Currently I just charge enough to make people feel that they have something of value.
Having looked at your work if you charged people what it is truly worth then those that really care probably couldnt afford it. Always a tricky one.
So I guess you will have to continue being true to yourself.
01-23-2003, 06:06 PM
:D I really enjoyed your demo. I have to admit when I am painting I always get paint all over my hand or sometimes I put my hand or finger in a face or something and mess it up. It has always been frustrating to me. I never thought of using a dowel stick to prevent this from happening. I am going to get one today and can't wait to try it. Thanks again
Soaked in the info on the demo. Loved it. Can this method be used with oil pastels? That's all I have at the moment.
nice to see this come up...am truly inspired by Gaka and totally understand how it's more work than play but so very worth it...hope to see something more...no matter how long it takes...
Regarding your question about Oil Pastels, I don't think that it would be possible to use the same method with Oil Pastels as with chalk Pastels refered to in the article. There are many other artists on WC who could answer you question much better than me at this time....I paint chalboard menu's in chalk pastels and they are now doing the menu's in oil pastels and painting a waterbased clear over them to protect them...I have a set of "oil" neo pastels but I am yet to use them and learn the best way to get the best results for my style of artwork and for menu boards.
Dyin....Thank you for your comment..yes there are some other works in the pipeline, I will post a WIP when I get a digital camera etc.
:clap: Can't wait!!! :clap:
Then I will experiment and see how it works and let you know.
You have inspired me so.
08-29-2003, 11:58 AM
There is a show I have entered Bruce, that I might suggest you consider.
It is an international show on birds....begins in Wausau, Wisconsin then travels to various parts of the United States, and then I believe to a couple countries. Very prestigious.
Since your interest is to have your work seen...this is one way to be counted among some of the better artists and gain wide viewership.

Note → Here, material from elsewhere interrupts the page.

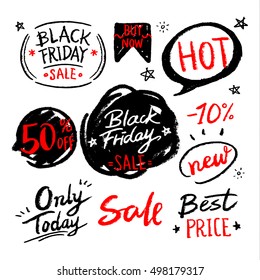 grunge black friday sale background and sign icon label tag red isolated on white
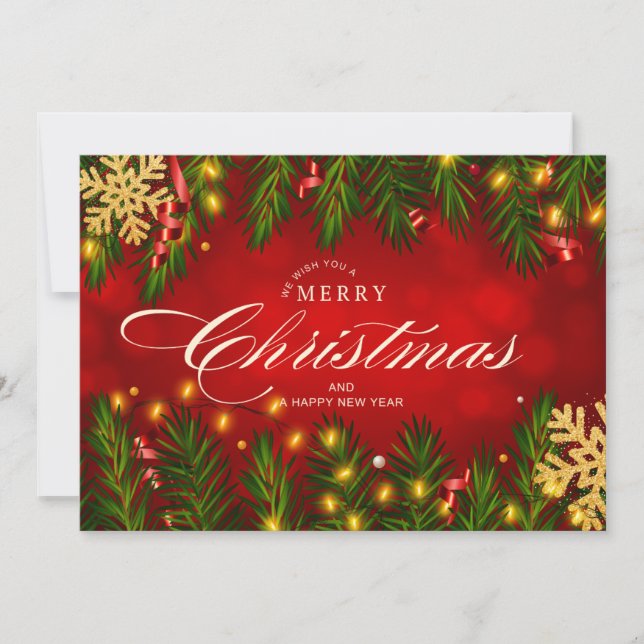 Röd och Guld Traditionell jul Julkort (Framsida)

The show is the Birds in Art show, and prospectus can be received from the museum which initiated the show near 25 years ago or so at the Leigh Yawkey Woodson Art Museum.
Visit the site, and perhaps even order one of the more recent catalogs of past shows to get an idea on work accepted.
I should start spreading my wings (Excuse the pun!) and look to broader horizons as I am using my own reference material or copyrite free reference material now. This will allow me to get my wildlife art into the open market and art exhibitions worldwide. I will look into the Birds in Art show and also keep it for future reference.
Thanks for the link once again Larry.